I recently started re-educating myself on OpenGL ES 2.0 in anticipation for a project I’m planning. I’ve done work with OpenGL ES 1.1 before, there are significant changes in 2.0. As many of you may know, the biggest difference between OpenGL ES 1.x and 2.0 is the “programmable pipeline.” In 1.x, the methods via which shading was performed was pre-determined – you provided various high-level information like light positions, etc., and the graphics engine took over from there. By having a fixed pipeline, the graphics drivers and the GPU could be made much simpler, which is (or was) appropriate for the lower-cost GPU’s in mobile devices. Simple, but not powerful. In OpenGL ES 2.0, those restrictions are gone, and you’re now allowed to do a whole variety of things in the graphics pipeline that you couldn’t do before.
But with great power comes great responsibility – if you use 2.0, you are completely responsible for defining some critical aspects of the pipeline by providing two “shaders,” each of which is a small (or not-so-small) program in and of itself. Writing shaders isn’t necessarily difficult, but they can be a little daunting to the beginner. The biggest issue that I had in coming to grips with shaders is that I didn’t have the context for how they fit into the grand scheme of things – I found lots of example shaders “out there,” but very little explanation for exactly what they were doing. Finally, I had one of those “a ha!” moments, and it all came into perspective. So, Gentle Reader, to save you the same pain, here’s a bunch of background on shaders.
So let’s assume that we’re going to draw the infamous cube as part of an OpenGL program:
There are a number of overall steps that are involved, the most important of which are shown in the following diagram:
- Before we actually draw anything, we set up the “model” matrix, which tells OpenGL where our cube is going to be positioned in 3-space, how it’s oriented, etc. We also set up the “projection” matrix, which defines where our “eye” is going to be in 3-space, and where it’s looking. (All this assumes a 3-D perspective view. If you’re doing 2D programming, the shader principles are the same, however.)
- We request that OpenGL draw one or more primitives. A “primitive” is a triangle, line or point – here we’re going to focus on triangles. Using the various techniques available via the OpenGL API, we can request more than one primitive be drawn with a single call – right now we’re not worried about the exact details of how the request is made.
Here is where the graphics pipeline starts. It’s important to understand that the steps within the pipeline are (effectively) performed once for each primitive in the system. In reality, there are a whole bunch of optimizations that the pipeline can make, but conceptually the pipeline processes each primitive in sequence.

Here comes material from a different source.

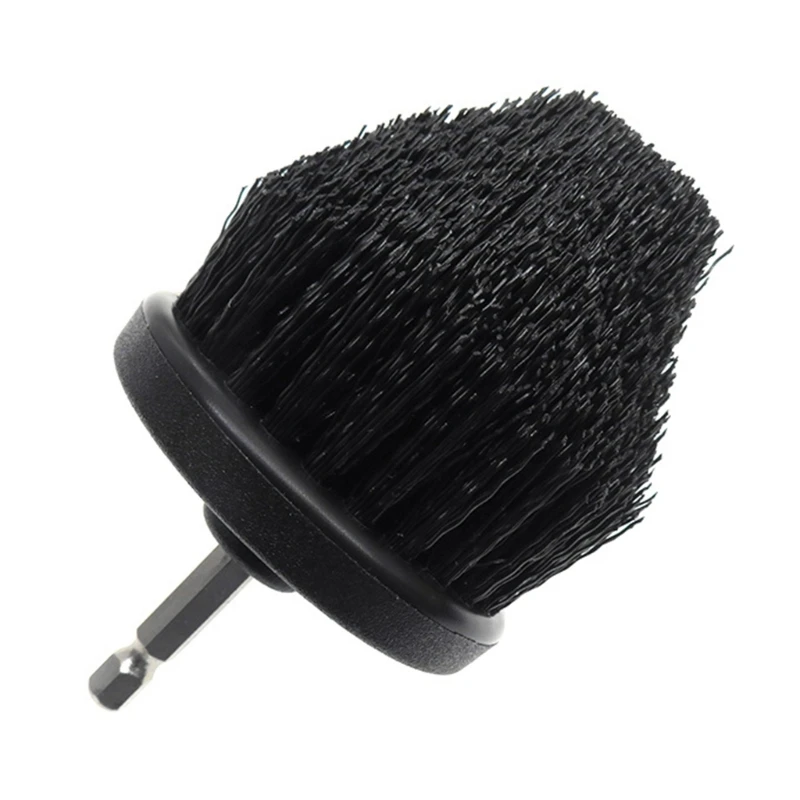 2.5inch Electric Scrubber Brush Drill Extension Rod All Purpose Cleaner Car Detailing Washing Conical Tool Rim Brush Set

- The first thing the graphics pipeline needs to do is it needs to convert the vertices for each primitive into “eye space.” This essentially figures out what the primitive “looks like” from the point of view of the “eye.” This is the job of the vertex shader. At a very simplistic level, you can consider the input to the vertex shader to be the “world” position of a vertex, and the output to be the (x,y) screen coordinates at which it will appear. (That’s oversimplified, since it’s actually returning a 3D vector, but it’s the basic concept.)
-
The next thing that the pipeline needs to do is to “rasterize” the primitive. Assuming that we’re drawing a triangle to the screen, this means figuring out the set of screen points that the triangle covers. You can think of this as (essentially) going through the following steps:
- Determine the “top” and “bottom” vertex to figure out the top and bottom lines on the screen overlapped by the triangle.
- For each line on the screen between these, determine the left-most and right-most pixel for that particular line by computing where the bounding lines of the triangle intersect the scan line of the screen.

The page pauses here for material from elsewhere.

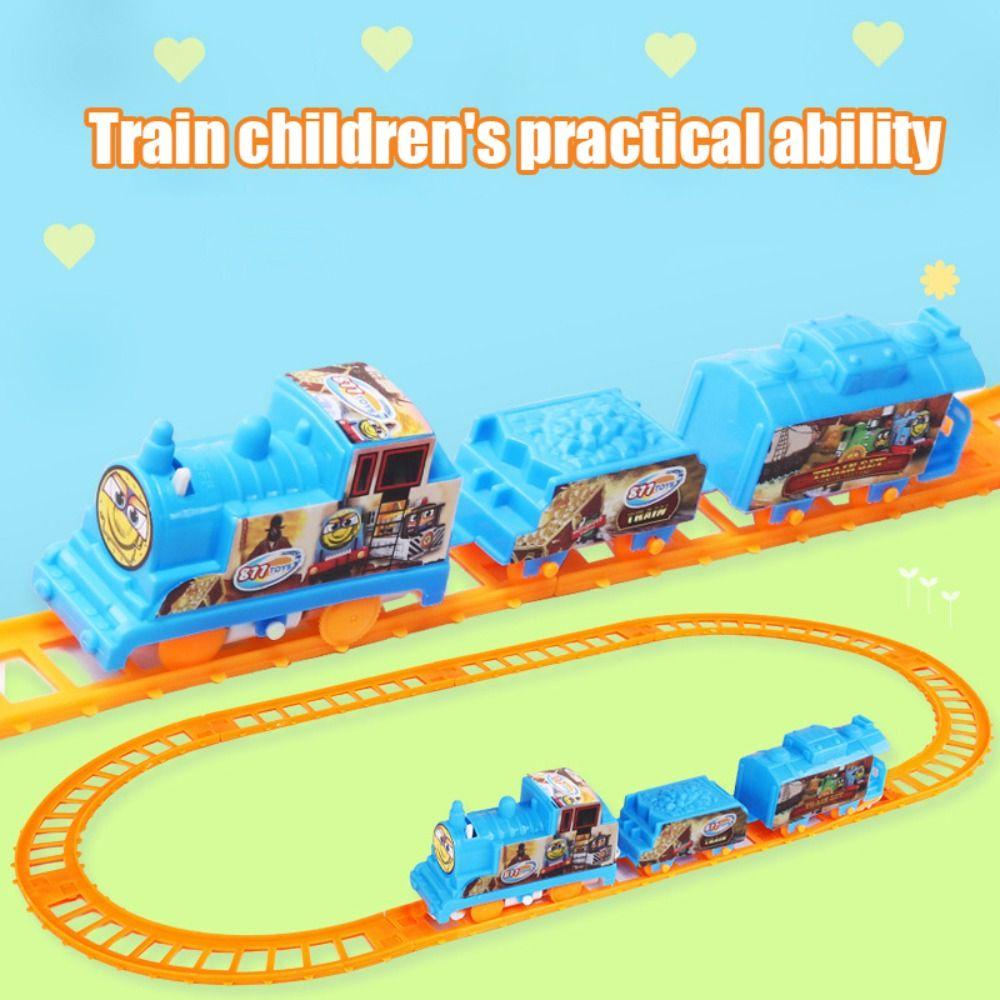 Needway  Kereta Listrik Set 1Set Kualitas Tinggi Mainan Puzzle Blok Bangunan Multi-Track Anak Belajar Edukasi Kereta Api Kereta Api Track Mainan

The above is another over-simplification, but this isn’t really our concern right now.
- For each of the pixels on the screen that fall within the triangle, determine the color of that pixel. This is the job of the fragment shader. The fragment shader’s output is a color.
- Taking that color and writing it into the output buffer so that it will actually be shown on the screen.
The operations colored yellow are the ones for which we’re responsible for writing code. The other operations are taken care of by the pipeline.
As I mentioned, there are many optimizations. Just for the purists among us, I’ll mention a few of them:
- As you can see from the first diagram, each of the eight vertices in the cube is shared by 3 or 4 triangles. If we are drawing by providing OpenGL with vertex indices to define each primitive in the overall shape, as opposed to sending it raw vertex lists, OpenGL can process each vertex through the vertex shader once, save the result for each and then use that transformed result for each primitive that involves that vertex. This is an optimization that needs help from us, as it depends on us sending OpenGL the data in the correct way.
- Once the primitive has been converted to “eye space,” the pipeline may realize that the primitive is not in view – it’s outside of the area that the “eye” can see. In this case, the primitive can be discarded. The primitive can also be discarded if “back face culling” is turned on and its facing away from us. This saves having to rasterize and shade the primitive.
- Even if a portion of a primitive is visible within the “eye space,” not all of it may be. Thus, only that portion of the primitive that is actually visible needs to be run through the fragment shader.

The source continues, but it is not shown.